Por esos años, con la convulsa situación política y económica, y pese a no haber alcanzado aún sus fundamentales objetivos, la naciente Revolución tenía como premisa fraternizar con todo el orbe y en especial con los pueblos de América Latina.
Era en la dirección del Instituto Cubano de Amistad con los Pueblos (ICAP) donde se tramitaban las entrevistas con el líder cubano solicitadas por los numerosos visitantes extranjeros.
Quizá por ello fue la terraza del ICAP el sitio ideal para realizar la obra aquel sábado de primavera. La mansión señorial no pudo ser más apropiada para la faena. Su ubicación y las características del inmueble ratificaban la oportuna elección. Pero sin lugar a dudas la decisión trascendental fue plantar el caballete en el centro promotor de la solidaridad y la amistad con los pueblos del mundo.
Tal vez la propia Celia convenció al Comandante para que regalara algunos minutos de su tiempo posando para un pintor extranjero.
Dicen que entró sonriente, dando pasos de gigante, tan largos como pausados. Me lo imagino preguntando como siempre, indagando sobre cada detalle, procesando toda la información posible. Y conversando con el pintor, llevándolo a bajar el pincel para inmiscuirse en esa plática seductora y mágica que solo él sabe inducir, para después, sonriente, «culparlo» por la demora diciendo que así ni en años acabarían. Hay mañas tan bellas como tremendas.
¿Como habrá podido Oswaldo Guayasamín retener esa vitalidad huracanada y dejar en el lienzo al hombre inmóvil? Quizá cuando comprendió que Fidel era eso, un torbellino indetenible de ideas y despertar, pudo al fin tranquilizar la tela y aplacar al óleo.
Así nos dejó aquel dibujo de rasgos fuertes y precisos, espíritu de guerrillero, líder, amigo, hecho de noche en una terraza bajo un torrente contagioso de preguntas y explicaciones de ambos lados. Porque con Fidel no te puedes quedar callado aunque lo intentes.

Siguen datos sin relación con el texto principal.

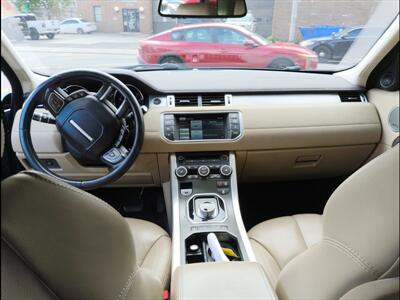 2015 Land Rover Evoque Pure Plus   - Photo 9 - Newark, NJ 07107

Según Guayasamín, cada vez que pintaba absorbía el alma del retratado, aunque afirmaba que eso era imposible con Fidel. Claro que es difícil «llevarse» algo de un hombre como ese. Pero su alma en especial no creo que quepa en ningún saco, no hay espacio en la Tierra para guardar tal tesoro, y Guayasamín lo supo desde el inicio. Tal vez después de varios intentos pueda, pensó.
Por eso le echó el ojo nuevamente a la figura del Comandante en 1981, cuando este tenía 55 años de edad. Luego volvió a la carga en 1986, al cumplir nuestro histórico líder 60 años, y por última vez en 1996, en ocasión de su cumpleaños 70. Cuatro emblemáticos retratos. Pero nunca pudo llevarse el tesoro que «robaba» de todo hombre que pintaba.
Ahora, a 50 años de aquel trascendental suceso, de ese intercambio de brochazos ineludibles y necesarios, reflexiones, risas, y amistad eterna, recuerdo y pinto también a Fidel en mi memoria, no con la magia de Guayasamín sino con el amor de cada cubano hacia él, inquieto y genial. Planto mi caballete, preparo el bastidor y exprimo al máximo cada gota de óleo para dejar mi impronta, recordando siempre el legado del maestro ecuatoriano y tratando de «robar» también el alma de ese cubano inmortal. Aunque también, como Guayasamín, fracase en el intento.